Houve um tempo em que ciganos faziam parte da paisagem urbana ou até mesmo rural de muitos de nós. Sempre tive um certo fascínio pela gente cigana e os motivos são vários. Talvez o mais insistente fosse um misto de medo e curiosidade.

Em algum lugar, no caminho da Jacutinga onde eu estudava, na vargem do Mizael, ciganos costumavam armar suas barracas. Então minha mãe sempre dizia: cuidado com os ciganos, eles roubam crianças. Mesmo assim, a tentação era grande em querer me aproximar para ver mais de perto aquelas senhoras de saias rodadas e compridas e seus dentes de ouro.

Ciganas dançando.
Vestimentas da cultura cigana incluem saias rodadas e compridas.
Foto: Pixbay.com

Quando dava para chegar mais perto era fascinante aqueles olhos grandes e quase sempre verdes. Meu pai dizia que cigano costumava roubar cavalos e quando negociavam sempre queriam “passar manta” trocando um cavalo velho (bom só pra salame) por algum melhor que o deles.

Já em Guapé, eles armavam suas barracas na Rua Nova, quando não tinha circo. Chegavam de manhã e já a tarde as mulheres saiam batendo nas portas das casas vendendo tachos de cobre e se oferecendo para ler as mãos. Assim tinham uma péssima fama por onde andavam. Era uma espécie de praga daqueles tempos.

Em Capitólio, uma época, acontecera uma verdadeira tragédia. Com muita frequência ciganos costumavam parar por lá e como sempre a população ficava amedrontada, insegura e revoltada pois sempre havia história de roubos, além do incômodo daquelas barracas esparramadas no gramado na entrada da cidade.

Certa feita um grupo grande de ciganos, com várias famílias, chegou em Capitólio. Desta vez ao invés de armarem suas barracas, aproveitaram que era um domingo, e foram direto para um curral fechado e coberto, de uma antiga fazenda ao lado da Fazenda da Cachaça Rodriguinha. Com a maior rapidez as pessoas esparramaram suas malas e capangas sobre o esterco macio do curral.

A notícia em pouco tempo tomou conta do arraial dos Cabeças, nome de Capitólio na época. Revoltados, alguns homens foram atrás do delegado, que na época era o Zé Norato.

Mas o que fazer?

O medo tomou conta de todos naquele fim de tarde de domingo quando o padre que celebrara a missa já tinha ido de volta pra Piumhi. Depois de muito conversar, o Zé Norato chamou à parte, 6 homens de sua confiança e pediu a eles que ficassem de prontidão e o restante foi dispensado com a promessa de que o delegado ia cuidar do caso.

Homens atirando
O delegado deu a ordem, e as espingardas começaram a cuspir fogo!
Imagem: Expresso.sapo.pt

Passava da meia noite quando o grupo do Zé Norato se encontrou no fundo da praça, atrás da igreja, praticamente no escuro.
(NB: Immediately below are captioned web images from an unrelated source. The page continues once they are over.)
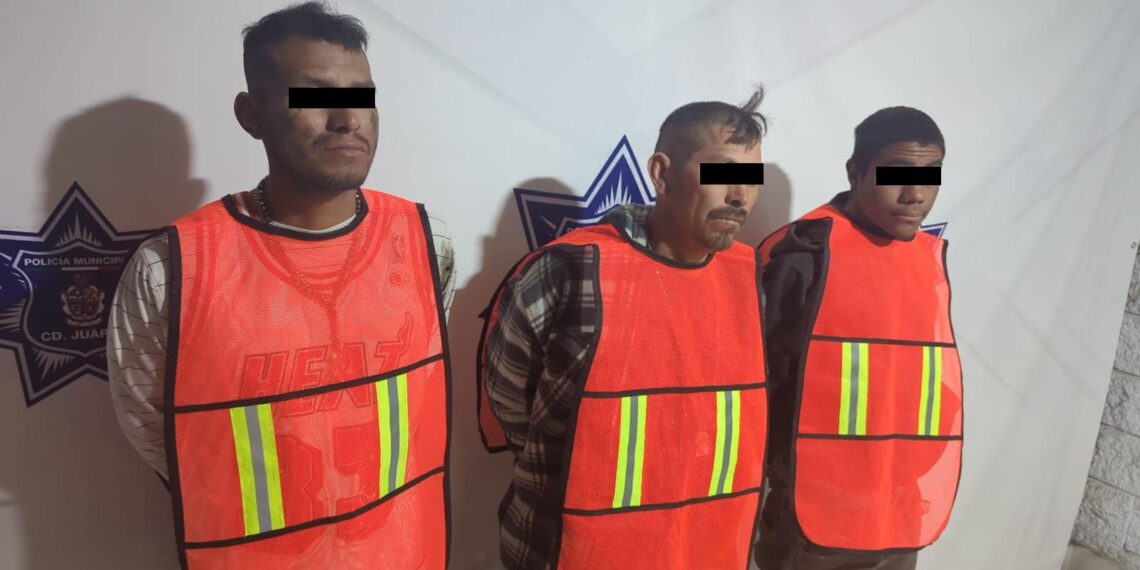 Desmantelaban un vehículo robado; uno tenía orden de aprehensión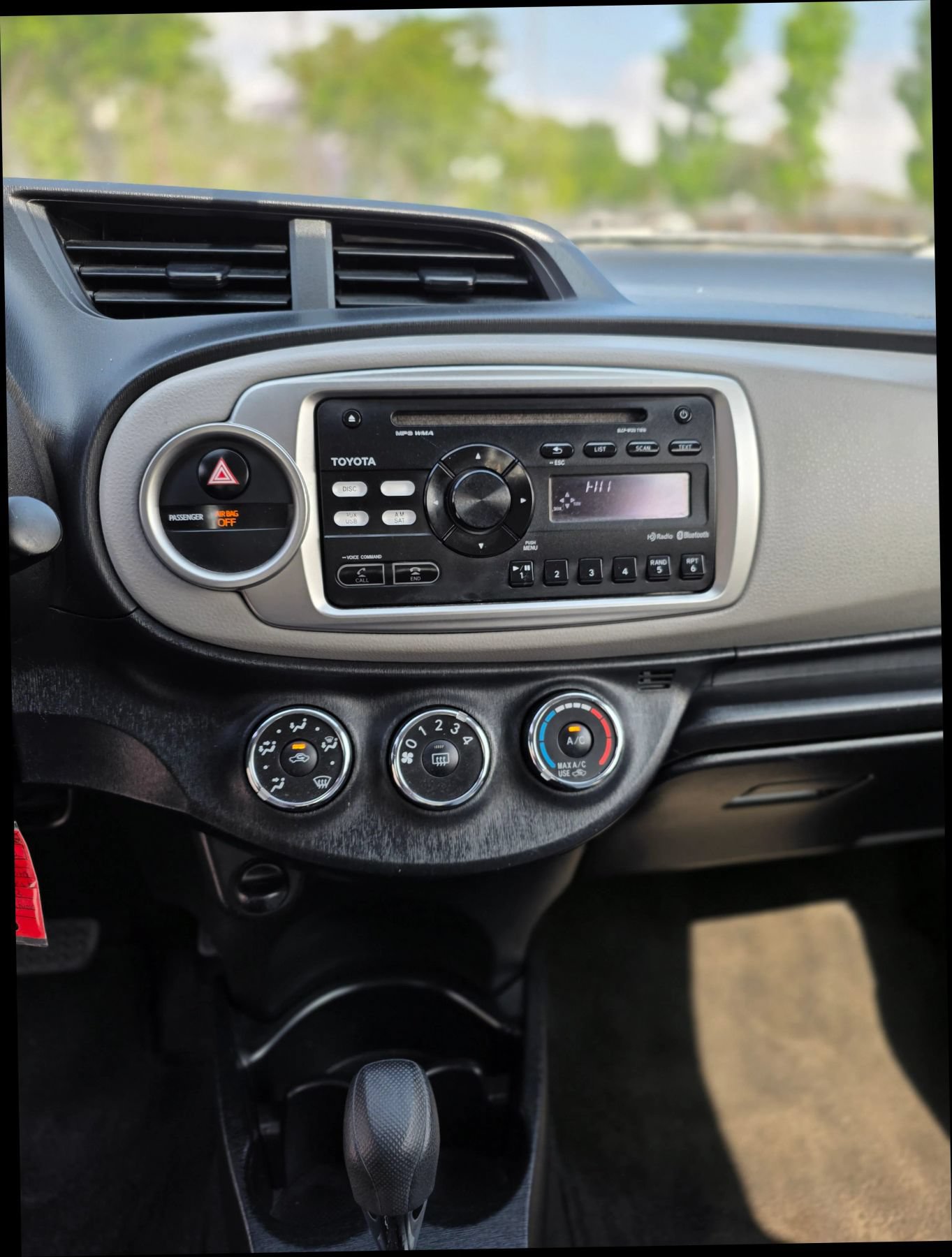 Used 2013 Toyota Yaris LE FWD image 19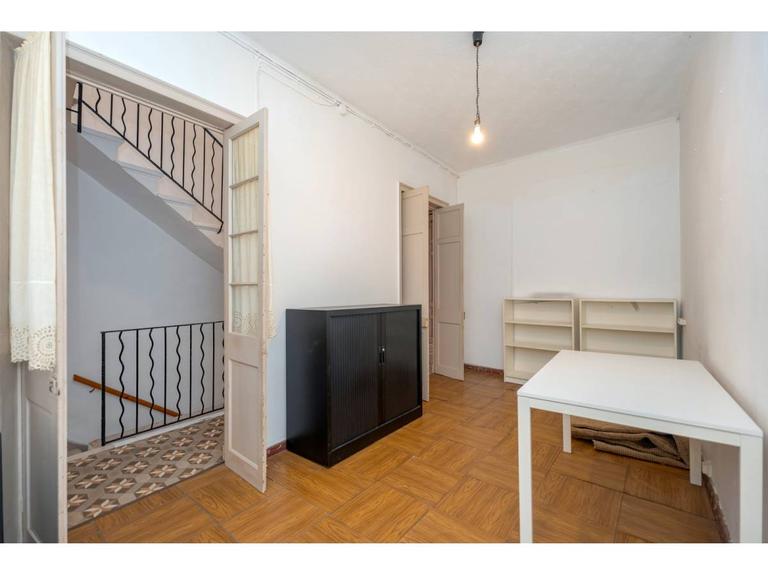 Property thumbnail 35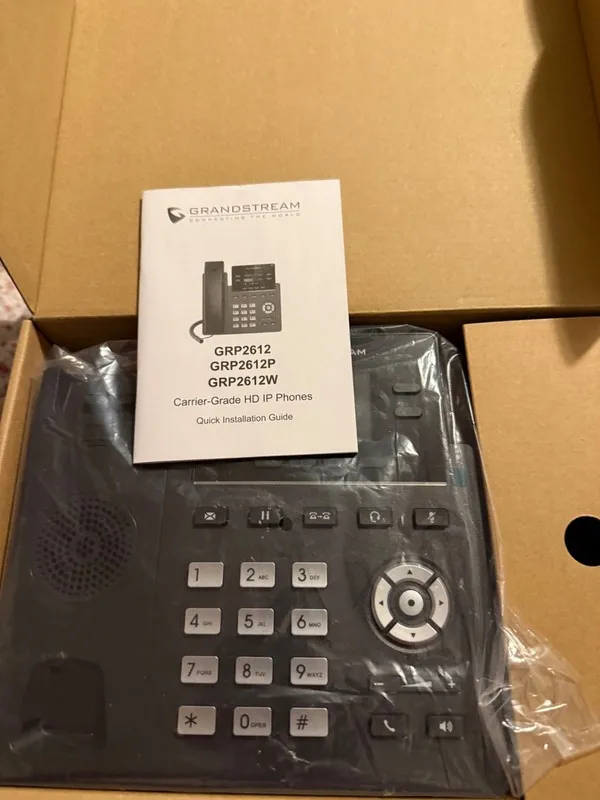 Grandstream GRP2612W Carrier-Grade IP Phone WiFi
Todos portavam uma espingarda, só o Zé Norato tinha uma Winchester 44. Em silêncio e fila indiana seguiram em direção ao curral (barracão). Aos se aproximarem alguns cavalos, dormindo em pé, se assustaram mas não fizeram alarde. Mais à frente, à algumas dezenas de metros, eram visíveis alguns lampiões no interior do curral, que estava no maior silêncio. De pé na cerca de tábua do curral, cada camarada apontava a espingarda para o centro onde a ciganada dormia toda amontoada, naquela noite fria. Foi então que o Zé Norato, delegado deu a ordem, e as espingardas começaram a cuspir fogo!

Gritos, choros e correria para todos os lados, no escuro. Espingarda cartucheira só tem dois cartuchos e o Zé Norato não fez uso da sua Winchester. Tendo acabado a munição, cada “capanga” sumiu no escuro, direto para as suas casas, sem ter a menor ideia de como tinha se transformado aquele campo de guerra.

Esta história está no “livro” que meu pai nos deixou.

Em tempo: o Zé Norato foi casado com a tia Cassiana, irmã parte de pai de meu pai!
Em tempo 2: Certa vez um vizinho da minha tia Cassiana, que morava com o Zé Norato no Capitólio, mandou chamar meu avô em Guapé avisando que se ele não levasse a Cassiana pra casa dele ela seria morta pelo marido, pois ele (vizinho) tinha arrancado as mãos do Zé Norato da garganta dela mais de uma vez!